- Born: 19 November 1723 Williamsburg, Virginia
- Died: 1805 (aged 81–82) Jefferson County, Mississippi
- Buried: Jefferson County, Mississippi
- Allegiance: United States of America
- Branch: Continental Army
- Rank: Colonel
- Other work: Magistrate of Mississippi Territory

= Thomas M. Green Sr. =

Mississippi colonist (1723–1805)

Thomas Marston Green Sr. (November 19, 1723 – 1805) was a colonel in the American Revolutionary War.

==Early life==
Thomas was born in Williamsburg, Virginia to Thomas Green III and Elizabeth Marston. His family was prosperous, and Thomas's schooling was by a private tutor.

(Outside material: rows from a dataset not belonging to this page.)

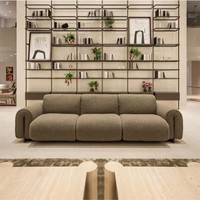 Canapé en tissu vintage italien Timberight, design nordique de luxe avec structure en bois, style français épuré, idéal pour salons et villas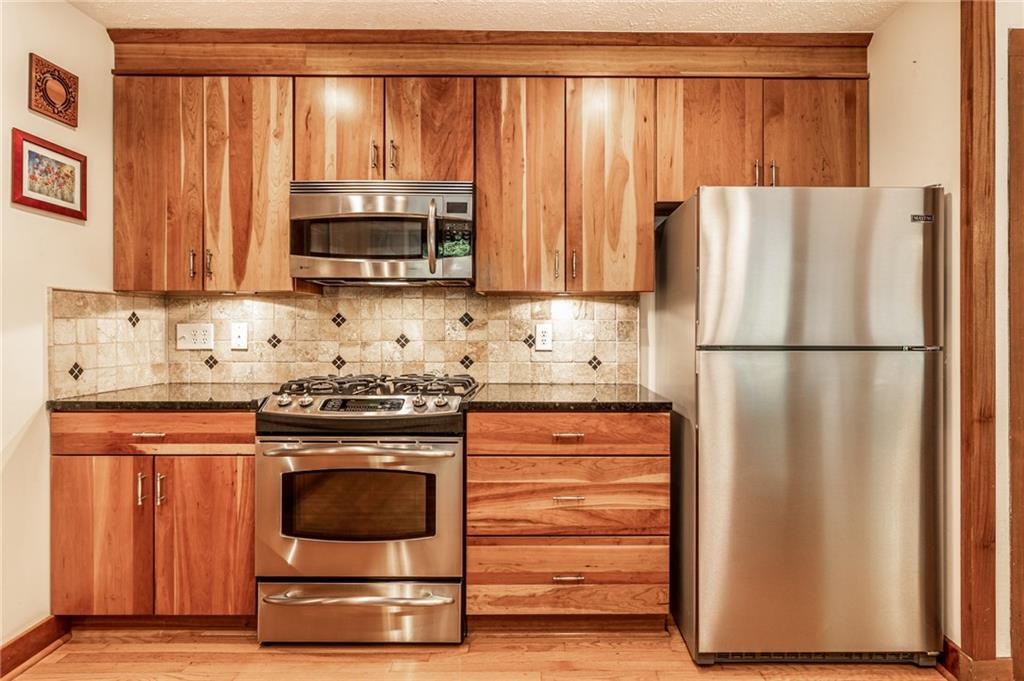 8204 Claridge Road Indianapolis, IN 46260 - Photo 15 of 50 Gallery Image 15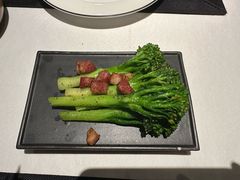 迷你西兰花配意式烟熏五花肉-atta bj(国贸商城店)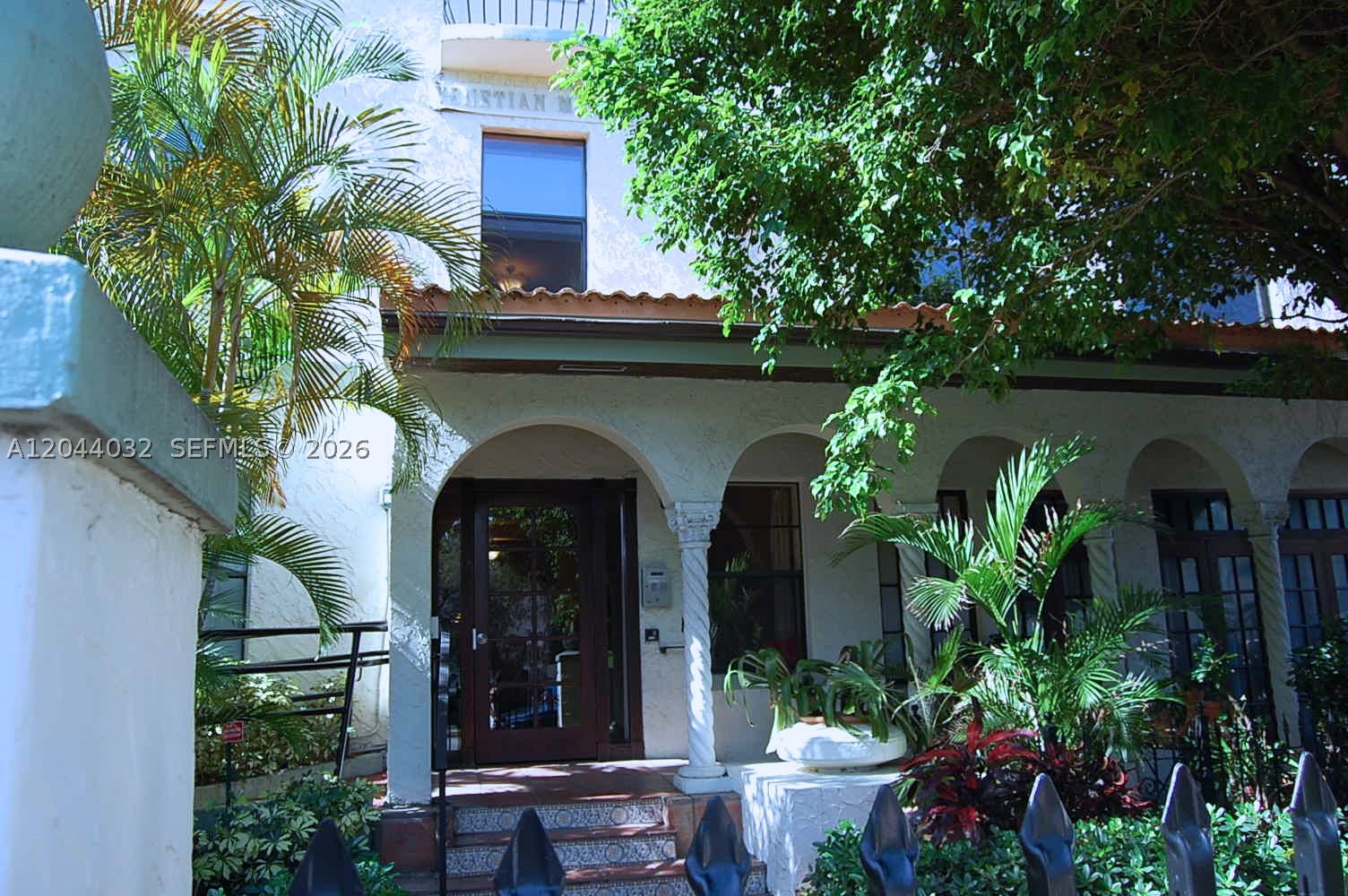 VENETIAN MANOR CONDO - Residential Lease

==The American Revolution==
Not much is known of Green's service in the Revolution. What is known is that he was a commissioned colonel in the Colonial Army. He later moved to Georgia where he met and befriended General George Rogers Clark. After discussing a plan with Clark, Thomas gathered a small army. Green gathered his men at the Holston River, where they built a small fleet of boats. After floating down the river the party did not find George as expected, so they continued on to Natchez, Mississippi. Thomas received an interview with the Spanish governor, Manuel Gayoso de Lemos, where he claimed the entire district for Georgia. The Spanish, expecting a revolt, had him arrested and thrown in prison in New Orleans. Soon afterward, his wife Martha came down to have him released, but she soon after died of exposure and stress. The governor, feeling sympathy for the Green family, released Thomas. He settled his family in Jefferson County, Mississippi, where he became one of the most influential men in the territory. He was also instrumental in forming Bourbon county the 2nd largest county in the United States history when he had the Bourbon Act of 1785 passed.

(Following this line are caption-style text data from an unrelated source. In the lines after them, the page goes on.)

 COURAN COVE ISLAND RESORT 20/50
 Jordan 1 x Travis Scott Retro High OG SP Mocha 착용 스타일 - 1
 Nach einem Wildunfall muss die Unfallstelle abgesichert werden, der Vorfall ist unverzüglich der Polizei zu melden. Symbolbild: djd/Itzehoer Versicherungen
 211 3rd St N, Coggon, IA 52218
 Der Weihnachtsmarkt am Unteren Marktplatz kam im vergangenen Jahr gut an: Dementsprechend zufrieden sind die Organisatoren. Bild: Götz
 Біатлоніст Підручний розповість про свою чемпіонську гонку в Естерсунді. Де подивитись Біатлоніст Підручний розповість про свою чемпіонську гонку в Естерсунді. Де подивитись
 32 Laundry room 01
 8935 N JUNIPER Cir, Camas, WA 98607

Green, or possibly his son, is mentioned in a 1782 letter from one official of Spanish colonial Mississippi to another, Carlos Grand-Pre to Esteban Rodríguez Miró:

It is suspected that a large part of the slaves brought by Thomas Green were similarly obtained [stolen]. As regards the others, they have acquired their slaves by the proceeds of the sale of their property. It is probable that part of these Americans, that is, those who have perpetrated these thefts, have abandoned their country in order to enjoy, far from any anxiety, the fruits of their pillage. They had brought many firearms, guns, and carbines, and one cannon that has been transported to the Fort of Natchez. They have not deposited any arms anywhere near the post. Thomas Green may have some thirty pounds of powder and much ball. This Thomas Green was a maker of powder, and it is his trade or profession.

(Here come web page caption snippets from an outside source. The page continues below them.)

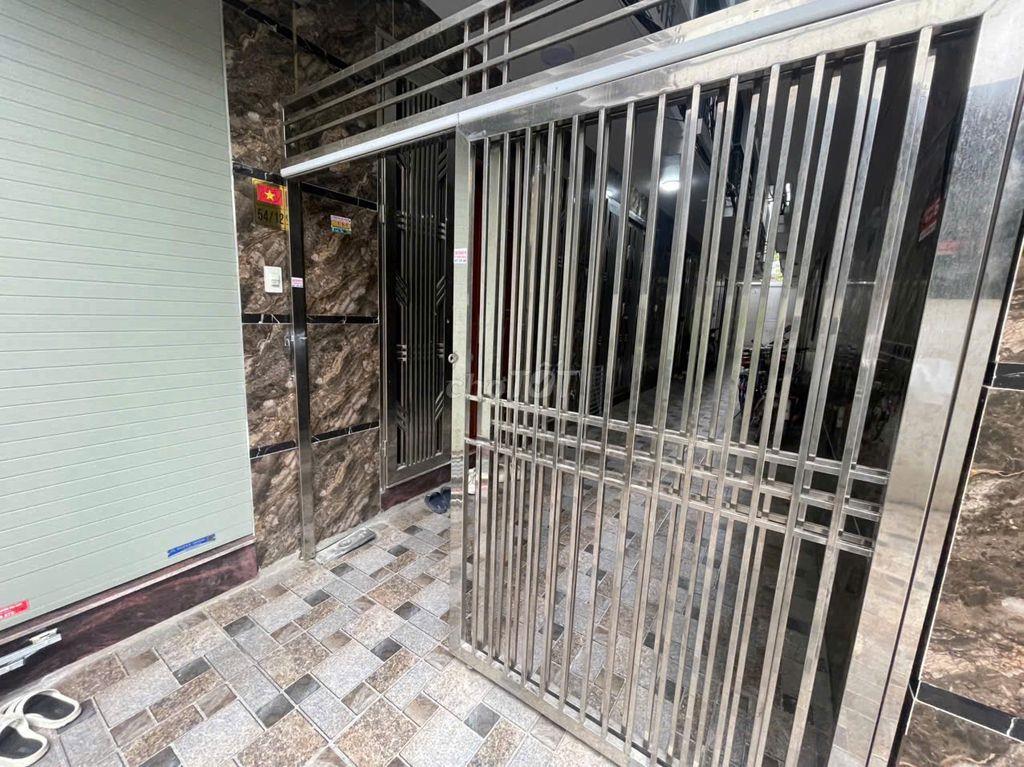 Cần tiền kinh doanh bán gấp nhà xây mới siêu đẹp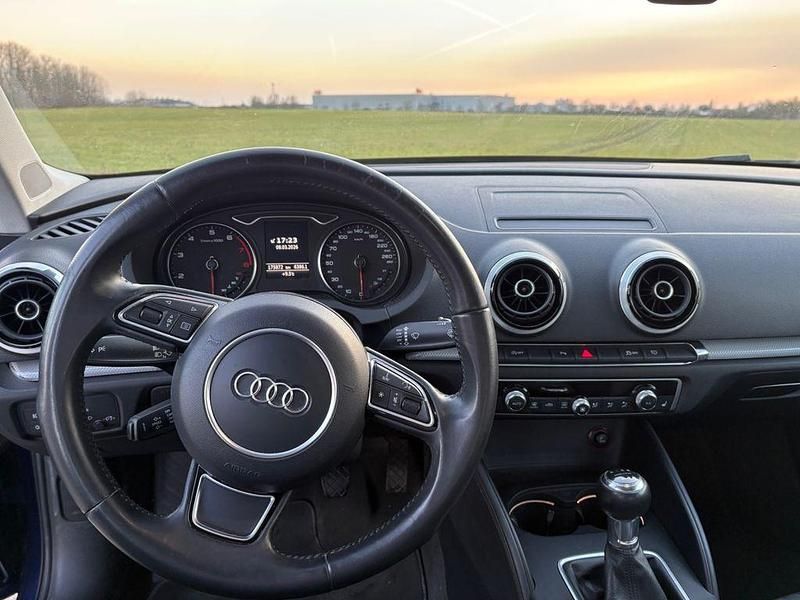 Gebraucht Audi A3 Ambition 125 PS (91 kW) 2013 Blau Limousine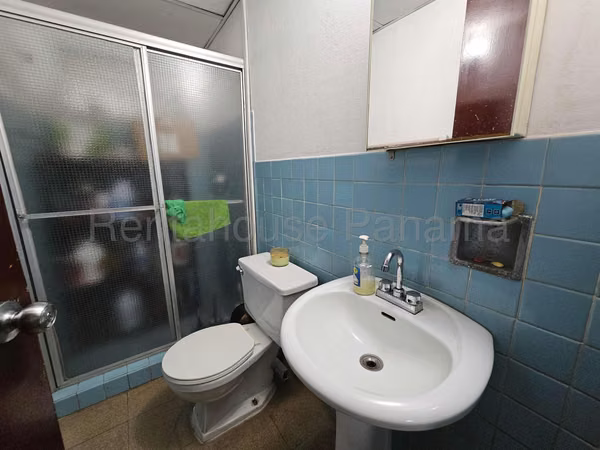 Vendo Casa Comercial de 219m2 en Betania 26-3569SRZ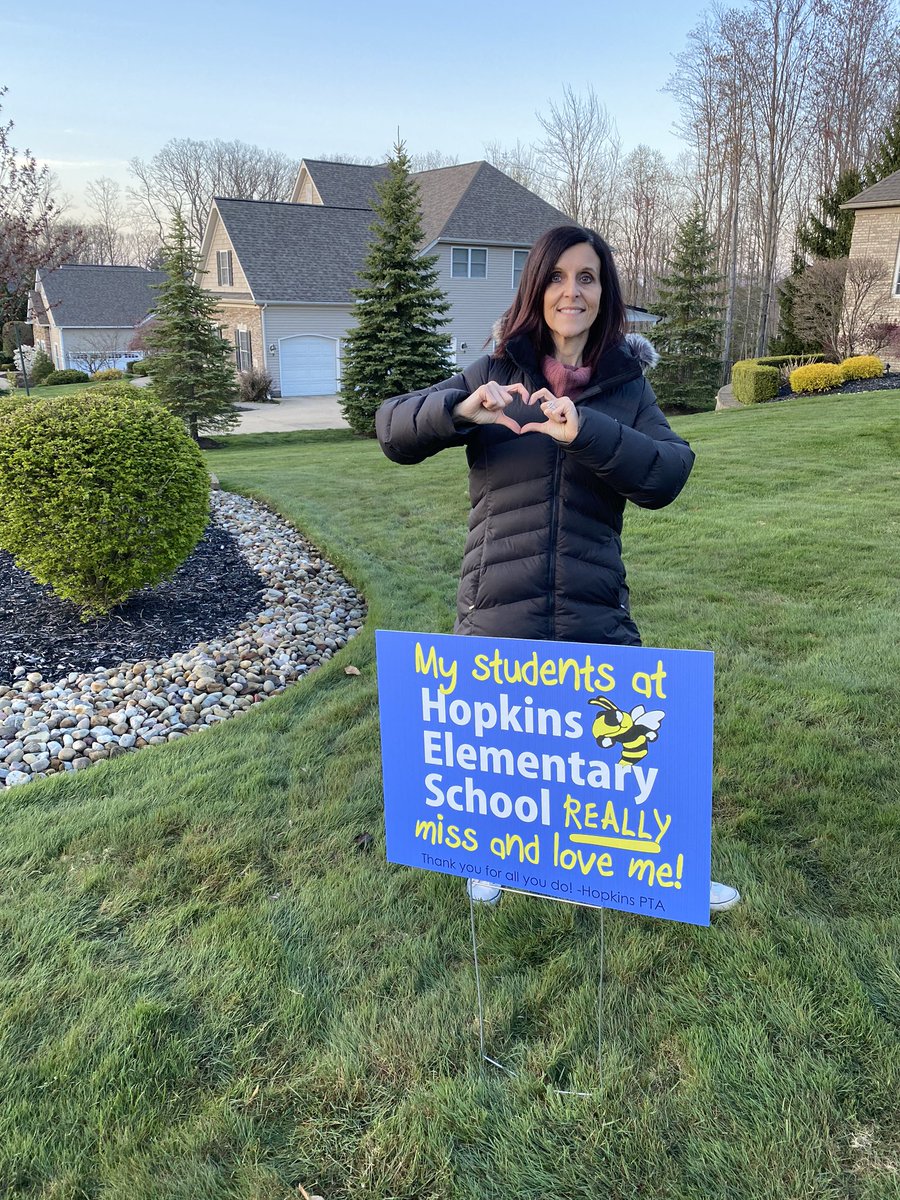 Thanks <a href="/PTAHopkins/">Hopkins PTA</a> for the special surprise. It sure did brighten my day. Missing all the students,families and staff at Hopkins! Sending everyone a virtual hug! ❤️#onceacard #hopkinsptarocks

==Andrew Jackson and Rachel Donelson==
Green is perhaps most famous for allegedly performing the marriage of Andrew Jackson to Rachel Donelson. Sometime in 1791 at his family's Springfield Plantation, Green, as one of the magistrates of the Mississippi Territory, married the couple.

==Wife and children==
On November 21, 1752, Thomas married Martha Wills with whom he had ten children, including Abner Green and Congressman Thomas M. Green Jr. His daughter Martha Wills Green was married to Cato West. His son Abraham Green married Elizabeth Caffery, whose mother was Mary Donelson Caffery and aunt was Rachel Donelson Jackson, wife of Andrew Jackson.